Hurricane expert Kerry Emanuel to speak at UW-Madison
Kerry Emanuel, a leading authority on hurricanes and climate, will deliver the 6th Len Robock Annual Lecture March 24 at the University of Wisconsin–Madison.
A professor of atmospheric science at the Massachusetts Institute of Technology, Emanuel is on the forefront of research linking changes in the frequency and intensity of hurricanes with changes in climate. His work has broad significance for policymakers and the public alike, especially given the continued growth — and vulnerability — of coastal populations and infrastructure in the U.S.
According to Emanuel, climate models suggest that hurricane activity is sensitive to climate, but this relationship is less clear when compared to historical data. Emanuel will address the relationships between hurricane activity and climate change, including recent rumors heard in popular discourse. He will also introduce his current thinking on, and ideas about, how hurricanes may influence the climate itself.
Looking to the past may uncover clues about the future, Emanuel says. Reconstructing hurricane activity from hundreds or thousands of years ago may answer some questions about frequency and hurricane-climate interactions as scientists attempt to predict future landfalling hurricanes. Scientists are beginning to analyze geologic records — storm surge deposits and sediments — to help reconstruct and provide answers to questions about past hurricanes.

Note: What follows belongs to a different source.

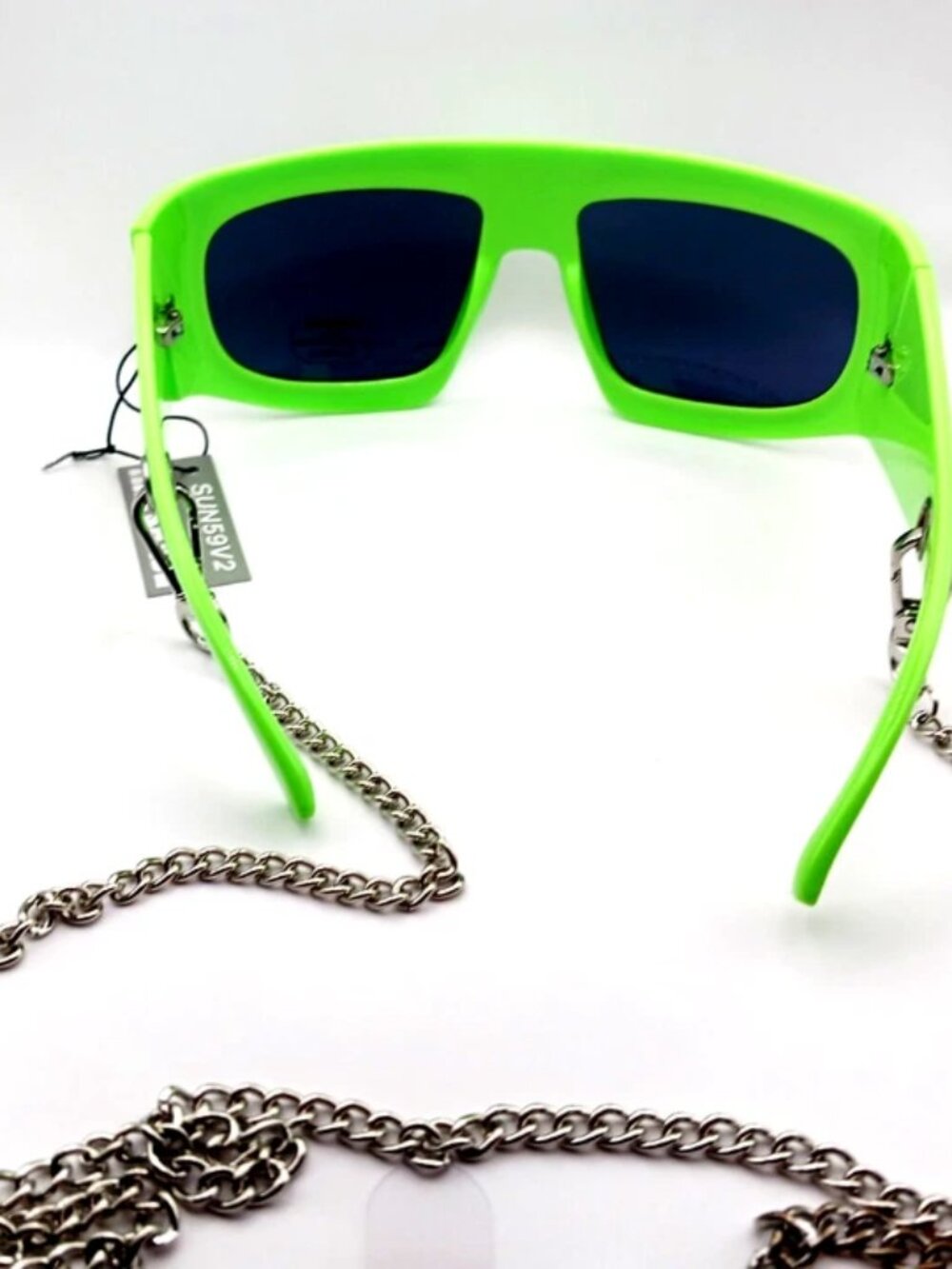 Mad Shade Sunglasses Fluorescent Green + Black With Chain New With Tags Unisex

Named one of Time magazine’s 100 most influential people of 2006, Emanuel has published more than 100 peer-reviewed papers in leading scientific journals. He is the author of two books, “Divine Wind: The History and Science of Hurricanes” and “What We Know About Climate Change.”
Free and open to the public, the lecture is scheduled for Tuesday, March 24, at 7 p.m. in the Discovery Building’s H.F. DeLuca Forum. For more information, check the event website.
The lecture is made possible through the Leonard Robock Endowment to the UW–Madison Department of Atmospheric and Oceanic Sciences.